*** Opening of MATERIAL SHOWN ***

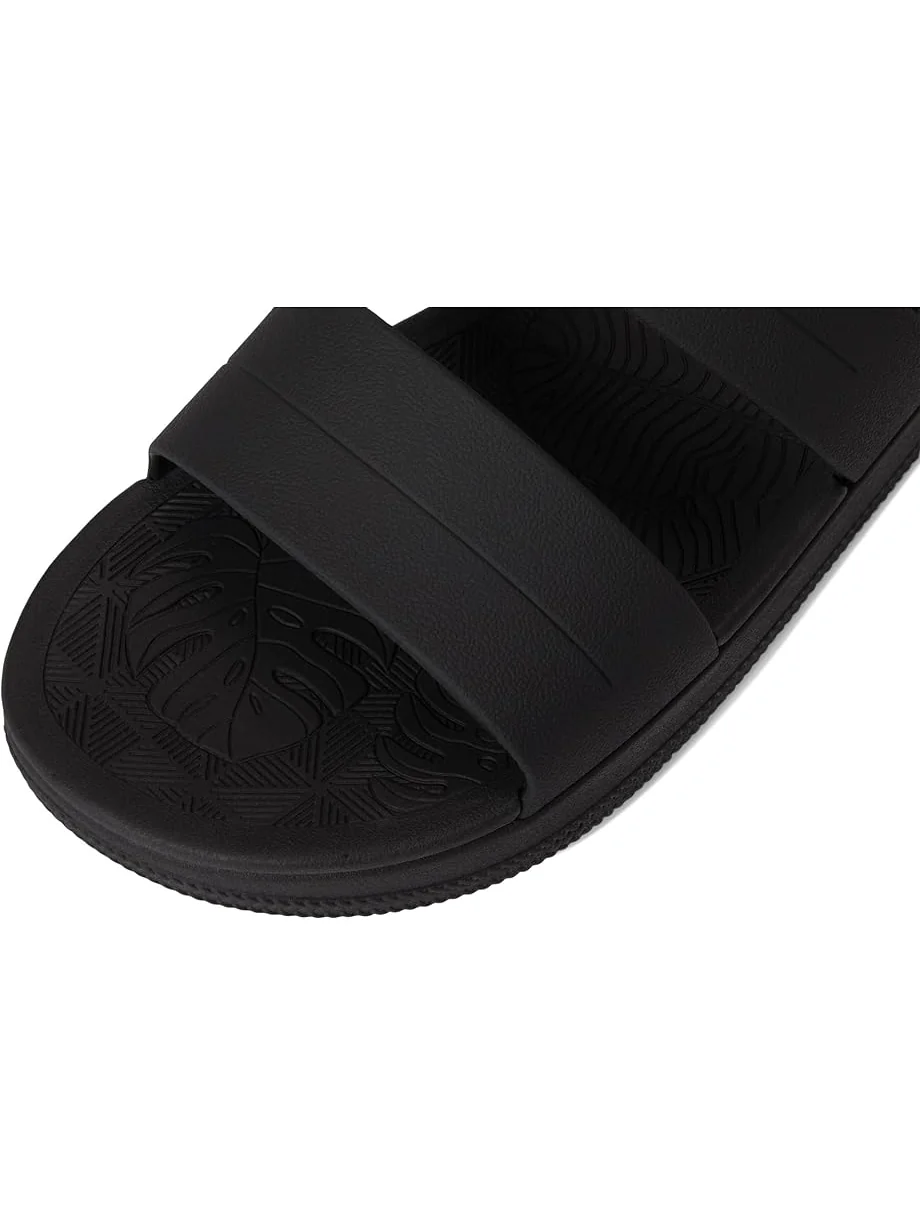 Сандалии Sanuk Funshine 2 Strap — 6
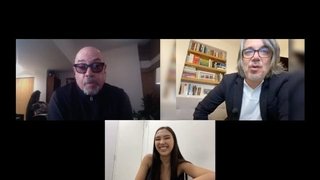 Episode 29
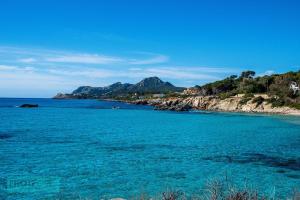 Cala Ratjada Stadt und Umgebung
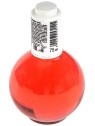 Silcare Olio rigenerante per cuticole e unghie Garden of Color, gusto Yummy Gummy Pink, 75ml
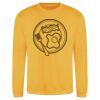 AWDis sweatshirt Thumbnail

*** Close of MATERIAL SHOWN ***

> [REQUIREMENT]:
What the answer must hold is the exact text of every line from the one containing "Silcare Olio rigenerante" through the end of the data, minus any pictures.

> [EXPECTED ANSWER]:
 Silcare Olio rigenerante per cuticole e unghie Garden of Color, gusto Yummy Gummy Pink, 75ml
 AWDis sweatshirt Thumbnail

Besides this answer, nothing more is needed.